Exercise:
Pull out of the data below the stretch of lines bounded by the one containing "Welcome To Stoke" and the one containing "a bedroom with a bed", both bounds included, unchanged.

Caption-style text data:
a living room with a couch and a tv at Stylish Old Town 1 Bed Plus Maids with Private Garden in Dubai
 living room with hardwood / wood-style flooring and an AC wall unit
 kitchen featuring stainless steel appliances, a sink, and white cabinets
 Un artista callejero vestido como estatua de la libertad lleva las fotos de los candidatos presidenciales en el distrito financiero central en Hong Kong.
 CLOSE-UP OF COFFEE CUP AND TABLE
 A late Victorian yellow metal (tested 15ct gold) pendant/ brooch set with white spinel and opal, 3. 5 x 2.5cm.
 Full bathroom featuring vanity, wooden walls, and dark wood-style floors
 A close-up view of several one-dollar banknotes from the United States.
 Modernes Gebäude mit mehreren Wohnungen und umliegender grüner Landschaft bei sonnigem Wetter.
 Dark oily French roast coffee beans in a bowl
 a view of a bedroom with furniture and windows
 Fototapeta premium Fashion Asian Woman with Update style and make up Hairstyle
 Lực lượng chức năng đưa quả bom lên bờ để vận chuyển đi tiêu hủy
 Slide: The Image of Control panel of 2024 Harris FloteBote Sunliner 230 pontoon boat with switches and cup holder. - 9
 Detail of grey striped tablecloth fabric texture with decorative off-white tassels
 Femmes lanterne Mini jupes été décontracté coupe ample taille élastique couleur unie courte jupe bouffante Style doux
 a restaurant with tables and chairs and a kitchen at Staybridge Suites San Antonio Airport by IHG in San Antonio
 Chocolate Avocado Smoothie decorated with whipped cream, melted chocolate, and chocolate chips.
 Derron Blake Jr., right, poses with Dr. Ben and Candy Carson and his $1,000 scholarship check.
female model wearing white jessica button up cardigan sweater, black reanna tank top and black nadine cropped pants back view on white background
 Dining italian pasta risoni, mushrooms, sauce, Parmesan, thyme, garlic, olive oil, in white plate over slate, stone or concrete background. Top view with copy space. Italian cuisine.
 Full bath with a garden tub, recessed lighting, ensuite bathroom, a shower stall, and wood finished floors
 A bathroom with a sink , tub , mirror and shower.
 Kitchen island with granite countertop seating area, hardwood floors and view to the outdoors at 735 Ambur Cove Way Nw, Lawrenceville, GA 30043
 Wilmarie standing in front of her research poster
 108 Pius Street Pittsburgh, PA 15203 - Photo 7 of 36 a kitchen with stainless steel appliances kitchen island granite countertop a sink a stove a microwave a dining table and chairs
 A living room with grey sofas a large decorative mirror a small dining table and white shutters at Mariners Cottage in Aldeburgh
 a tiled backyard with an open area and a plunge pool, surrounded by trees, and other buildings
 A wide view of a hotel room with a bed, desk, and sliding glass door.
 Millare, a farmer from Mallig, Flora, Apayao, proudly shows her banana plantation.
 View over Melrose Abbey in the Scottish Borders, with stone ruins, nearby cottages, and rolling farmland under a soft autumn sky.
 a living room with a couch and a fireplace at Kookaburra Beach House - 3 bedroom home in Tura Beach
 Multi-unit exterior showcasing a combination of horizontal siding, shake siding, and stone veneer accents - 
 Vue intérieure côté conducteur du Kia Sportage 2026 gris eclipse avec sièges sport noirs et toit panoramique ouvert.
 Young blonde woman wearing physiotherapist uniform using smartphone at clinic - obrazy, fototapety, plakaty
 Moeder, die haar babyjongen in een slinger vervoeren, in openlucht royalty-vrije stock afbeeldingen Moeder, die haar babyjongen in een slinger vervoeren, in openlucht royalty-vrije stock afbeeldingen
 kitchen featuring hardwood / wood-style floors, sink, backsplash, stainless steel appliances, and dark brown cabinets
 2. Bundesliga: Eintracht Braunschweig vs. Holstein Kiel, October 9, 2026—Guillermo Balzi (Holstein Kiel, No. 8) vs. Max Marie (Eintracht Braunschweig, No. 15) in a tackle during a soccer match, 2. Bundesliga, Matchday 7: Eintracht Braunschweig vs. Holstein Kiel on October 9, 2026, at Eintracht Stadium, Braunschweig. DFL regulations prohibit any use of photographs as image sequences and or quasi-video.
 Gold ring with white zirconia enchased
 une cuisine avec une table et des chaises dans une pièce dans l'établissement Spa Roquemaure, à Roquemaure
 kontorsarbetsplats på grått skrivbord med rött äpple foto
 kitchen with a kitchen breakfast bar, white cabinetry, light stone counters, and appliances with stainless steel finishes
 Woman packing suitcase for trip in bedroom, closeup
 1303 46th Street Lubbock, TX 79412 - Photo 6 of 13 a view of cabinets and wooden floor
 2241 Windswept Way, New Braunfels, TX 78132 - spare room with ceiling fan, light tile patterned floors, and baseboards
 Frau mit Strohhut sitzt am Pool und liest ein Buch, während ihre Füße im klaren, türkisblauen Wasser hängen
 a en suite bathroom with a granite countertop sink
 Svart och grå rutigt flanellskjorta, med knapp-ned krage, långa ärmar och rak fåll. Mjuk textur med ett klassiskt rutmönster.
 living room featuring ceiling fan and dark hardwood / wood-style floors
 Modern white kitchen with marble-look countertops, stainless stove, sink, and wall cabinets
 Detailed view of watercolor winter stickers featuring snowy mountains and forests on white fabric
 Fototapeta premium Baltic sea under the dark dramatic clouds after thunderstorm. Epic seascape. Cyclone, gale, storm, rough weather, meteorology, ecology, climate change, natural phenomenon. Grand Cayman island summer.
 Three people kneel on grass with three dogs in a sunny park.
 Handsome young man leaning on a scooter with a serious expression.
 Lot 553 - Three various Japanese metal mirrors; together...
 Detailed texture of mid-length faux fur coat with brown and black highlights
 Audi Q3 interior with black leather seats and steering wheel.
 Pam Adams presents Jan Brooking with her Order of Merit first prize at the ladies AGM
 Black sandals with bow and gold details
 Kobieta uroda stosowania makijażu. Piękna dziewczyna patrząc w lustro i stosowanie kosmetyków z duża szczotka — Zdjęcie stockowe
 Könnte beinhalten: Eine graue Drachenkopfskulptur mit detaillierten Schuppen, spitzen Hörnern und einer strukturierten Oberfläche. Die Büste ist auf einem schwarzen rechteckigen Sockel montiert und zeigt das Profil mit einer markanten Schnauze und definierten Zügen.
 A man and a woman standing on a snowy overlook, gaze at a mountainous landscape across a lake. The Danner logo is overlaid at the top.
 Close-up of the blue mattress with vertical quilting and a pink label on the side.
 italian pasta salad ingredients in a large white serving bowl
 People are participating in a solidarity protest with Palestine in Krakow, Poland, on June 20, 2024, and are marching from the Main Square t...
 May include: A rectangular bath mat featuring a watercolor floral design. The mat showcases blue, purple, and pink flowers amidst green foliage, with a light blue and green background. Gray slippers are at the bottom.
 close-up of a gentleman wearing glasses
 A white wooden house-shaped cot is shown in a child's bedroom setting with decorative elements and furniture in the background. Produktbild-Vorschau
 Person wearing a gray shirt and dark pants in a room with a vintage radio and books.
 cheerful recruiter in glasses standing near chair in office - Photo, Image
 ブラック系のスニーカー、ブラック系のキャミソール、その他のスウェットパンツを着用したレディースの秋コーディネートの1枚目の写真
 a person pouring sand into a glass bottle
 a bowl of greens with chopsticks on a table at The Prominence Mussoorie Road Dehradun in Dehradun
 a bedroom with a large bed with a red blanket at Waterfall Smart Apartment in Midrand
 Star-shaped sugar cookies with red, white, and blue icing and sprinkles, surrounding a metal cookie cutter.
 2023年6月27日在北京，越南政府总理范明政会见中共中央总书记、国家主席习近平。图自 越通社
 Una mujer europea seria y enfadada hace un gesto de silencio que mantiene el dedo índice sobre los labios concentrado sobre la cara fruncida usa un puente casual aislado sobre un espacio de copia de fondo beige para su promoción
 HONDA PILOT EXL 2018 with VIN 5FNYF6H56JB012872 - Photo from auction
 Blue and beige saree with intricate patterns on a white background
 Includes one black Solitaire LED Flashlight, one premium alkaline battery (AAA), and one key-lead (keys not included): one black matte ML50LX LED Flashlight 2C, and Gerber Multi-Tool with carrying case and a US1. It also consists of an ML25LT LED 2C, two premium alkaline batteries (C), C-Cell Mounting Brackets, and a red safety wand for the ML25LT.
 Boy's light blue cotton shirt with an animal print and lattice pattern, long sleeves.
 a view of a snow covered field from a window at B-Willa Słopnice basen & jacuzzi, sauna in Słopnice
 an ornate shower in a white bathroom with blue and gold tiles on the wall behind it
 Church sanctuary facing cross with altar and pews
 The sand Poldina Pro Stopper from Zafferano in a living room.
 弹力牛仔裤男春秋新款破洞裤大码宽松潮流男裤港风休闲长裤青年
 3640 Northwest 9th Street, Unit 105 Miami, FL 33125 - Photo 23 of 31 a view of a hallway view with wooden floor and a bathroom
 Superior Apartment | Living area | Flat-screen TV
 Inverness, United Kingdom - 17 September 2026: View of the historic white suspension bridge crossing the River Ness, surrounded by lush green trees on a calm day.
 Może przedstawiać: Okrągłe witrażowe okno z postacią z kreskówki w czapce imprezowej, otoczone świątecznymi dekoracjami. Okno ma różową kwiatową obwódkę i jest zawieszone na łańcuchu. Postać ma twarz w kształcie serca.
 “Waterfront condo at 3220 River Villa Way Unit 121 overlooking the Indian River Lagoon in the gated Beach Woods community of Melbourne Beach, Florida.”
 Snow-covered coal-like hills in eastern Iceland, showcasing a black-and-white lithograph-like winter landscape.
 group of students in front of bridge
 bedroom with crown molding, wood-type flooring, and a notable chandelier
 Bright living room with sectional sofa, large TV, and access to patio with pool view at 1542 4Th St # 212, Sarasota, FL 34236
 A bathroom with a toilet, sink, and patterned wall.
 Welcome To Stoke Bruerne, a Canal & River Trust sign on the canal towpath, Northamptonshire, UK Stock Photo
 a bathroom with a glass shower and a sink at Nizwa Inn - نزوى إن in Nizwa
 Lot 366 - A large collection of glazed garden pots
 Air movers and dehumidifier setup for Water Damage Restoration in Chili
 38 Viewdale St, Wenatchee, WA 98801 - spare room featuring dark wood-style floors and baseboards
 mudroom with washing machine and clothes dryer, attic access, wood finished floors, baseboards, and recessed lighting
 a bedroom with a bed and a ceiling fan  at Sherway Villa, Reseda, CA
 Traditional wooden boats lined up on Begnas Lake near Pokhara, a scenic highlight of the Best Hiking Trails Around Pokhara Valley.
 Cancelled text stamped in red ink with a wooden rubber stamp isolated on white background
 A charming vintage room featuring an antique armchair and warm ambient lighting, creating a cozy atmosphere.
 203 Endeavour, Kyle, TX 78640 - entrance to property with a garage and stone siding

Solution for this problem:
 Welcome To Stoke Bruerne, a Canal & River Trust sign on the canal towpath, Northamptonshire, UK Stock Photo
 a bathroom with a glass shower and a sink at Nizwa Inn - نزوى إن in Nizwa
 Lot 366 - A large collection of glazed garden pots
 Air movers and dehumidifier setup for Water Damage Restoration in Chili
 38 Viewdale St, Wenatchee, WA 98801 - spare room featuring dark wood-style floors and baseboards
 mudroom with washing machine and clothes dryer, attic access, wood finished floors, baseboards, and recessed lighting
 a bedroom with a bed and a ceiling fan  at Sherway Villa, Reseda, CA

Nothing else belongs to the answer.